I awoke the next morning to a really nice day.  Mid 50's, no wind and bluebird skies.  As the day progressed the temperature rose to the mid 60's.  The parking lot at K1 was nearly empty; I booted up and waited to get first chair on the K1 gondola.  My first run was Great Northern>East Fall and down to the Canyon Quad.  Great Northern was in decent condition and groomed with hardly any bare spots.  The blue portion of East Fall was groomed with great coverage.  The black portion of East Fall was ungroomed with some nice soft bumps.  Coverage was limited especially at the end of the run by the Canyon Quad.  

I made my way back up the Canyon Quad and would make the rest of my time at K1/Snowdon making a few loops on Great Northern, East Fall, Lower third of Chute, Mouse Trap et all.  It was a short walk from the end of, what I think was, Bunny Buster back to the K1 Gondola_ Side Note: Cascade was open and bumped up.  I didn't ski it as the bumps were still a bit bulletproof.  Coverage, did look good, though._

Having had enough of that side of the mountain, I decided to walk over to the superstar quad and get some time in on what was left of Skye Peak.  I wish I had hit it sooner.  I made a few loops from the top of Skye Peak to all the jumble of trails (4 way Skylark, bittersweet, skyehawk panic button, High Road.)  It all had very nice coverage and nice corn.  From time to time, you would encounter a bare spot, but all-in-all it was good skiing.  Some might be interested to know that the black section of skylarke was turned into a terrain park with minimal coverage.  Now, on to superstar.  The top of the trail was in bad condition.  The only way from the top was to navigate a series of monster-sized bumps (please don't sue me for copyright infringement monster cables) in about a 5 foot path.  The other way to superstar was to take skyehawk and hang a left.  By the time I got to superstar the bumps were nice and soft.  It seemed to me that the middle of the run was groomed at some point, not too long ago. 

I made two runs down superstar, feeling like a hero on the soft bumps, made a final few runs off the trails from Skye Peak and called it a season.  I picked my wife up at the hotel and we made our way to Foxwoods, finally settling in at Mystic, CT for the evening.  Nice time there too!

Now for the pictures:

_ Edit: Clarification_

A very groomed Great Northern






East Fall Looking Good





Black Portion of East Fall





"Which way to go?"  East Fall by Canyon Quad





From the Superstar Quad





Looking good from the top of Skye





From the top of Superstar


----------



## ALLSKIING (Apr 20, 2006)

Nice...Glad you got out one last time.

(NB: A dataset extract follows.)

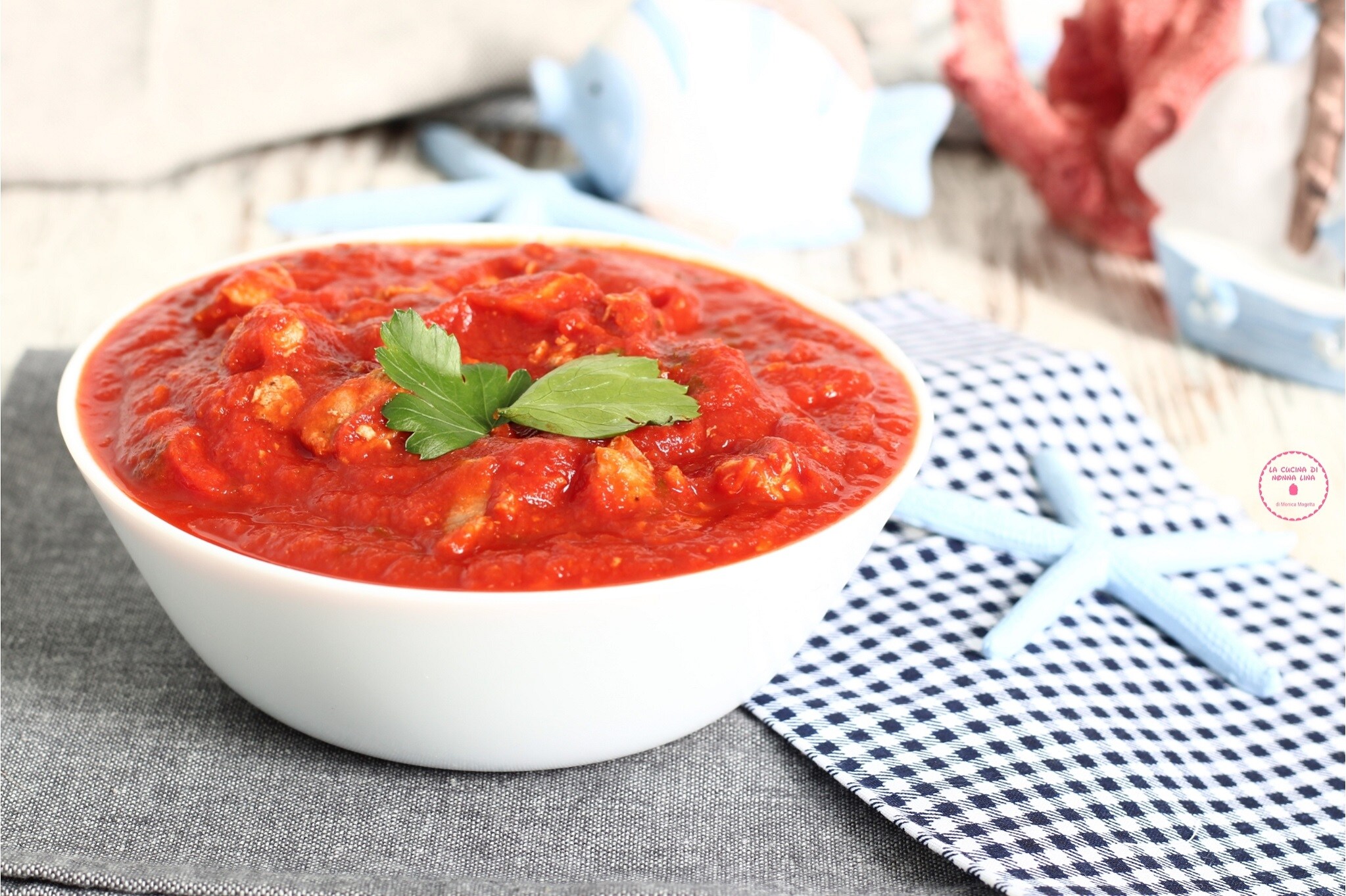 Salsa de atún fresco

Thanks for the pics.


----------



## andyzee (Apr 20, 2006)

Thanks for the report and pics, at least you got the last day of lift service for Killington Peak and the Canyons area.


----------



## BeanoNYC (Apr 20, 2006)

andyzee said:
			
		

> Thanks for the report and pics, at least you got the last day of lift service for Killington Peak and the Canyons area.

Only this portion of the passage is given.